**YOUR OBJECTIVE:**
Exactly and only the lines below from the one containing "Set di tre costumi" down to the one containing "WILLIAMS Eric Henry" are wanted, both included; please exclude every picture.

**EXCERPTED DATA:**

Content starts

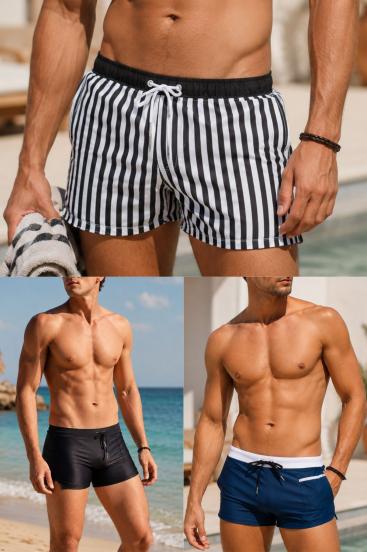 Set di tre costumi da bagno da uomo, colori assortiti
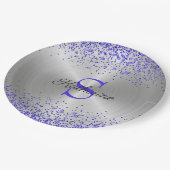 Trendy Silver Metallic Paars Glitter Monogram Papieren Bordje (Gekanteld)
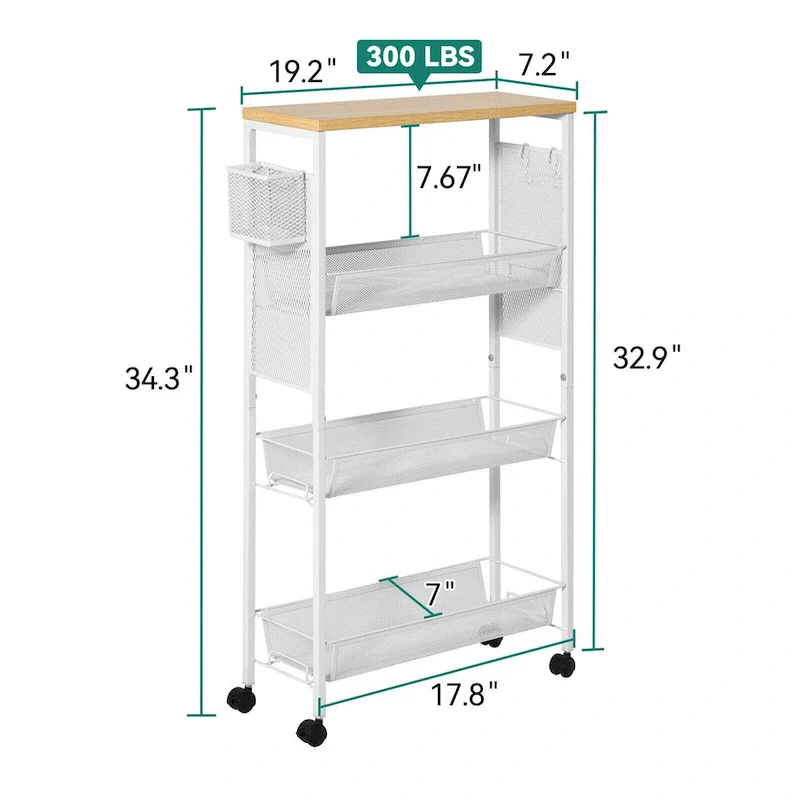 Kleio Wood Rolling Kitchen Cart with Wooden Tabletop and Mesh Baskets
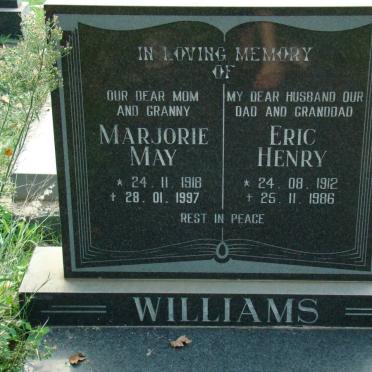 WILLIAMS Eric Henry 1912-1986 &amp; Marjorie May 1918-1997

Content ends
Content starts

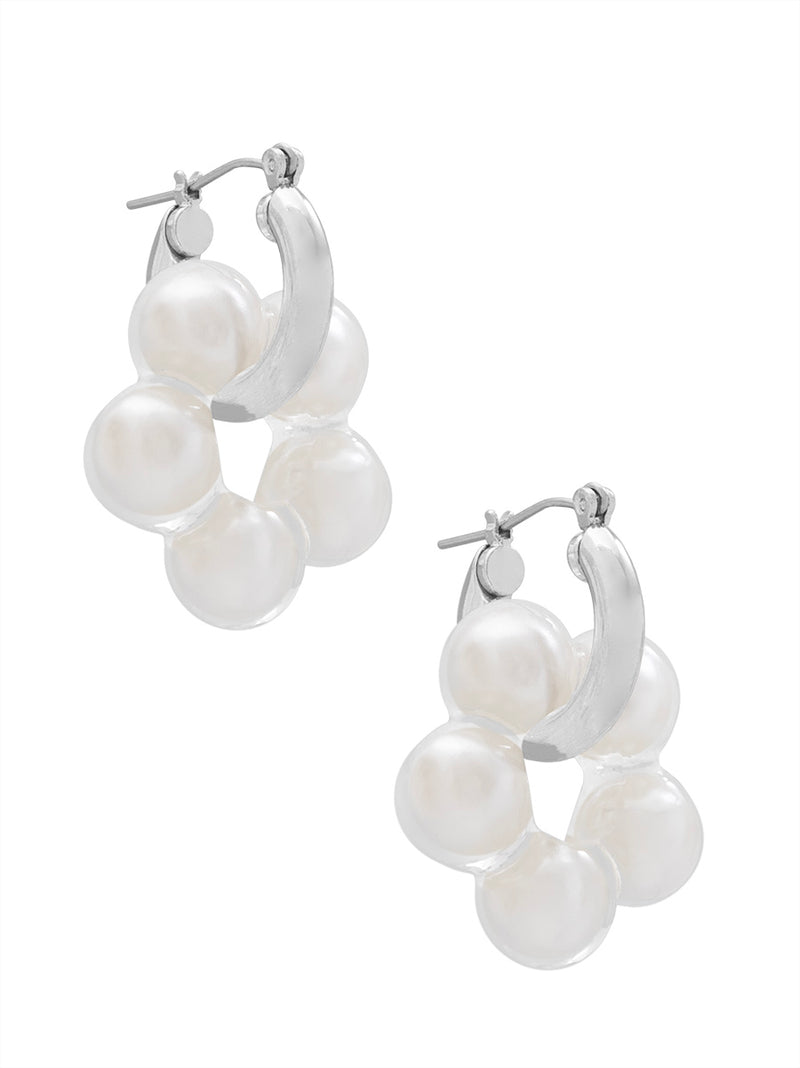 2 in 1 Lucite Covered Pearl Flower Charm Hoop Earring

Content ends

**ANSWER TO THE EXERCISE:**
 Set di tre costumi da bagno da uomo, colori assortiti
 Trendy Silver Metallic Paars Glitter Monogram Papieren Bordje (Gekanteld)
 Kleio Wood Rolling Kitchen Cart with Wooden Tabletop and Mesh Baskets
 WILLIAMS Eric Henry 1912-1986 &amp; Marjorie May 1918-1997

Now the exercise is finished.